* **EXERCISE**
Pictures are to be left out; every line from the one with "Woman turned to" through the end of the data must be transcribed exactly.

* **DATA FOR REVIEW**
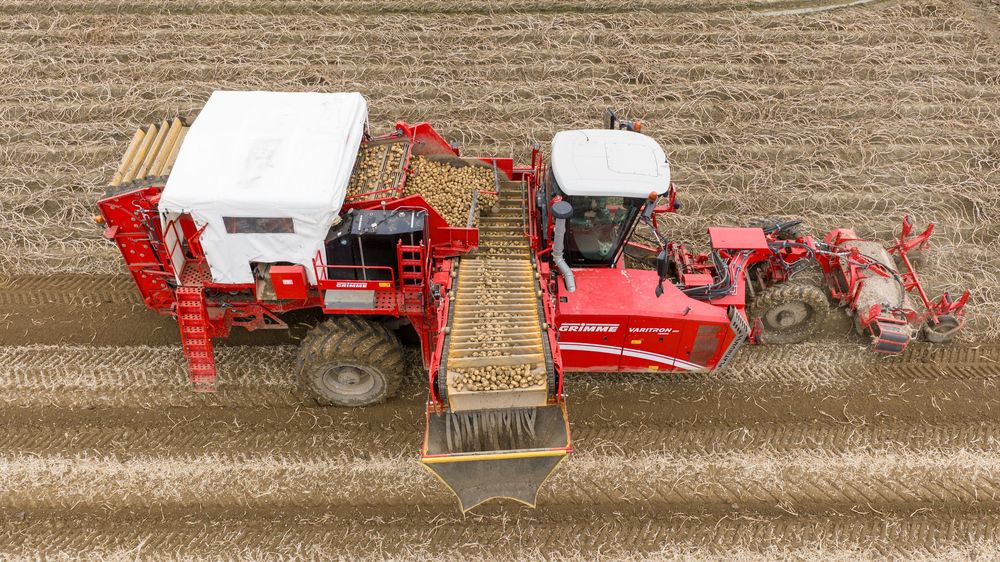 Aerial view of red agricultural machinery harvesting crops in a field showing multiple farming operations in sequence.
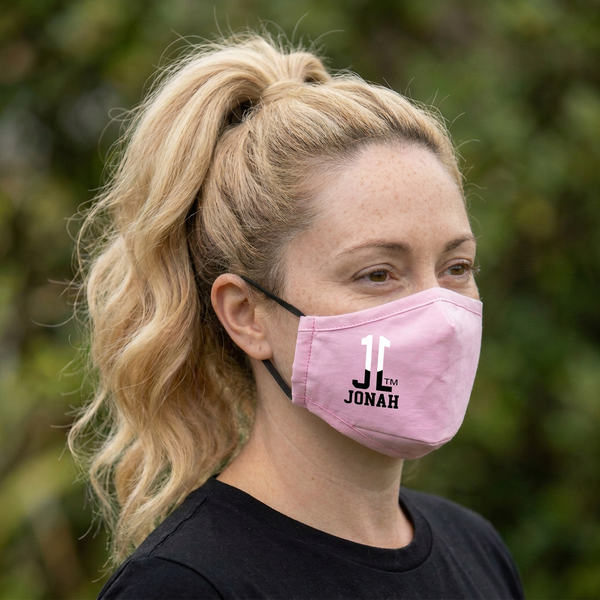 Woman turned to show the pink JL11 JONAH mask logo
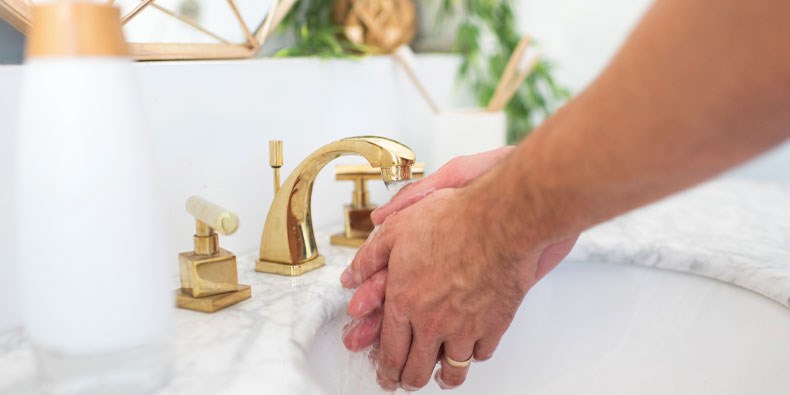 Man washing hands in sink with gold fixture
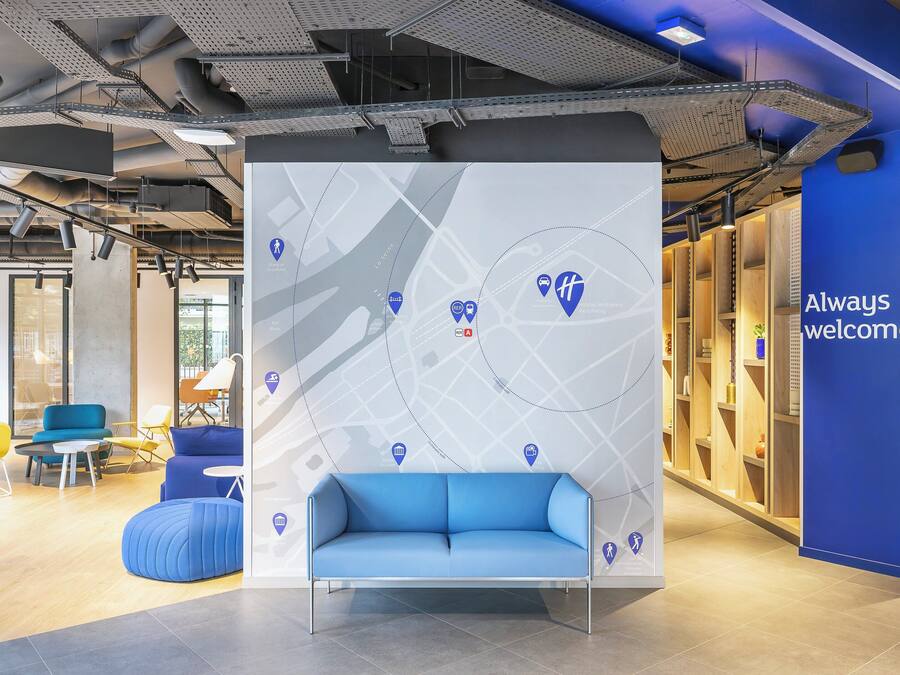 Un interior moderno con un sofá azul, una pared con un mapa y un cartel que dice 'Siempre bienvenidos...'.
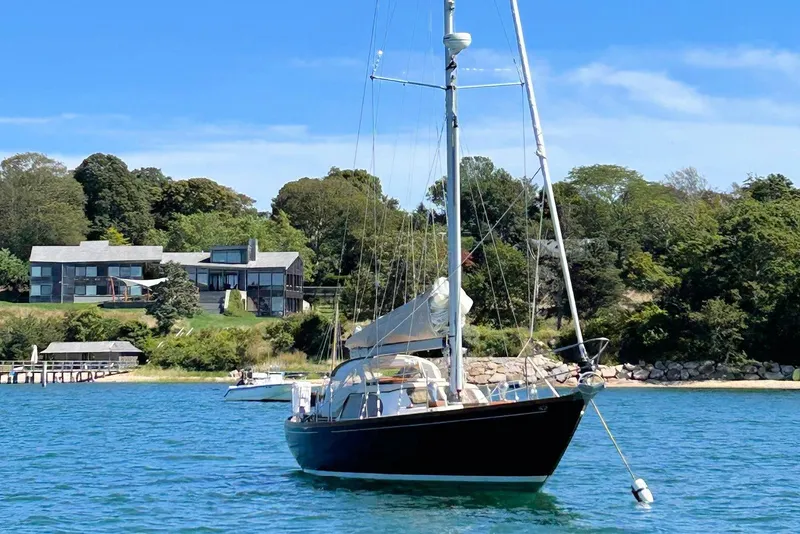 Slide: The Image of 1967 Columbia Constellation sailboat anchored near a scenic shoreline with modern houses. - 9
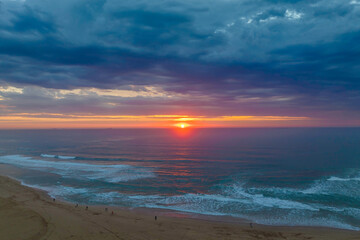 Fototapeta premium Sunrise reflections and clouds at the seaside with lagoon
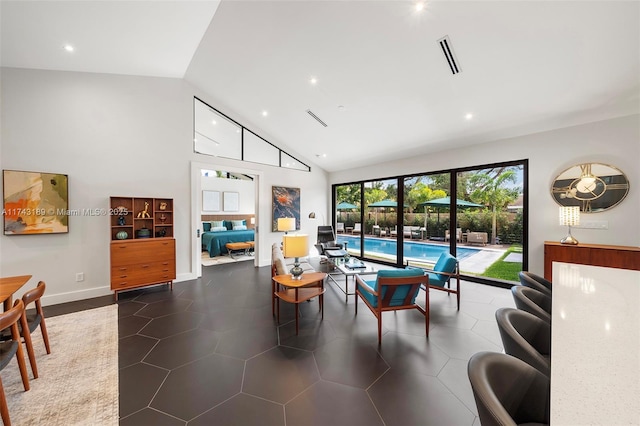 living area with baseboards, visible vents, high vaulted ceiling, and recessed lighting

* **ANSWER SECTION**
 Woman turned to show the pink JL11 JONAH mask logo
 Man washing hands in sink with gold fixture
 Un interior moderno con un sofá azul, una pared con un mapa y un cartel que dice 'Siempre bienvenidos...'.
 Slide: The Image of 1967 Columbia Constellation sailboat anchored near a scenic shoreline with modern houses. - 9
 Fototapeta premium Sunrise reflections and clouds at the seaside with lagoon
 living area with baseboards, visible vents, high vaulted ceiling, and recessed lighting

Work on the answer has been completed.